My all time favorite sound design guy is Walter Murch: http://en.wikipedia.org/wiki/Walter_Murch

He did the sound work on THX1138 (yes, that's where THX 5.1 comes from) American graphite, and apocalypse now. The stuff he did on THX has a lot to do with the sound design for star wars. I recommend renting those movies and checking out the extras.

I don't have much of a traditional theory background, or at least not a conventional theory background. But I am kind of hip to experimentalists whom... are arguably some of the pioneers to sound design... or at least they are in my mind. People like John Cage, Xenokis, umm.. Avant Guard folks. The idea of music concrete..

Playing around with some of these ideas.. I find myself using digital instruments to emulate sound effects, I find myself thinking about ambient space, using field recordings and collage as compositional elements.. searching through a kind of figure ground ambiguity between the experience of "sound" versus the experience of "music" and how I can get you to see music as sound and sound as music, or maybe I should substitute noise for sound in that statement?

Not that any of this really helps... but maybe exploring some of these kinds of ideas might be a good starting place.

Here's a little video with Cage talking about his work: http://youtube.com/watch?v=2aYT1Pwp30M Some people say he's the most important composer since Beethoven. If you see Cage's place in our musical transition as coming, in some sense, out of traditional classical, then you can see how this sorta thing could come out of what you're doing..

Here's an amusing clip with cage: http://youtube.com/watch?v=SSulycqZH-U

Here's a clip of Walter Murch talking about the sound design work he did for THX http://youtube.com/watch?v=_py6jVyOqUY

I don't know where you are in knowledge or skills, but here we are getting into something like "traditional - esk music production, and it's applications for sound design." So I imagine that developing these kinds of skill sets and integrating them into your compositional process, is probably something to look at.
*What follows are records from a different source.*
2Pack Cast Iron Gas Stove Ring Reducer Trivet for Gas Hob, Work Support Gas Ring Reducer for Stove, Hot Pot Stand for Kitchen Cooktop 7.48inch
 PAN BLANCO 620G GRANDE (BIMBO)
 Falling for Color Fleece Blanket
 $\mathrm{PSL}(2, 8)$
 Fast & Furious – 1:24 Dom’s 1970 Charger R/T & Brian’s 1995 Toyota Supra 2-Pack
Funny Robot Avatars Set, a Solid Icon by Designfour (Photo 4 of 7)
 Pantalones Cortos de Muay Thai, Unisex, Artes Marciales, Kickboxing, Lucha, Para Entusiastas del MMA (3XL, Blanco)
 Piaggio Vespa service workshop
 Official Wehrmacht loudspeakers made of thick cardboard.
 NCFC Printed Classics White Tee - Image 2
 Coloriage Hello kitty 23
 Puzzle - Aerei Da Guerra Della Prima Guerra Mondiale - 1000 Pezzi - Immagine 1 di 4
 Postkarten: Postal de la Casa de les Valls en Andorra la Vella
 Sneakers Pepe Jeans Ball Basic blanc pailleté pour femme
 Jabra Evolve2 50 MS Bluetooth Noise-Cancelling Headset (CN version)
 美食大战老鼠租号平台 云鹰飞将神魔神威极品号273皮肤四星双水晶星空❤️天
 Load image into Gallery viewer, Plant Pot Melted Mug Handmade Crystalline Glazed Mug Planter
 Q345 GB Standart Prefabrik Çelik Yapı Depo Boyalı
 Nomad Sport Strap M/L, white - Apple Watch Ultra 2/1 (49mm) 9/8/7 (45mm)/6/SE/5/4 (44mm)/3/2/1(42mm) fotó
Finally, I agree with the folks recommending Reaktor. Max/MSP ( http://www.cycling74.com/products/maxmsp ) is a good choice to. These are great tools for taking one sound and really FUBAR-ing them into something else again. I think along with this, you might want to start exploring a little sound synthesis..

So where I come at it is.. I think of Cage's stuff as "transfiguration of the the common place" which is a kind of idea in aesthetics surrounding some of the work from that period.. wether we are talking about Cage, Duchamp, Warhol, or others.. its a way, among other things, of showing the common place in a new light.

In a way this speaks to nature / reality as it is: Cage talking about music that doesn't sound like a conversation.. his work often having to do with indeterminacy, meaning that the outcomes were not know.. his compositions being something like a strategy for a result. In my mind all this is sort of one box of toys and ideas.

In another box is something like "composing." Composing having to do with "organizing sounds." In here we might have traditional music theory, or we might just as well think of composition as playing with legos, where we put the lego's together in any way that fits our fancy.... this facilitating more avant guard ideas... but a full spectrum between this and more traditional ideas.

Then there's this other box called "music production" which is like.. skills of a mix engineer, perhaps a recording engineer, perhaps sound synthesis, though I don't know if the latter fits into this box.

So you go to composing, and you just take things out of these different toy chests and apply them together in whatever way strikes your fancy. I guess this is my idea of sound design.

Though sound design is often about creating an atmosphere, or certain kinds of sonic textures... perhaps ones that work a certain way in the context of a film.

There's a whole art form for making sound effects. How do you make the sound of a gun shot? The Sound of Fire? Throw that in there to..

Well that's, more or less, how I come at it anyway. Hope that helps somehow.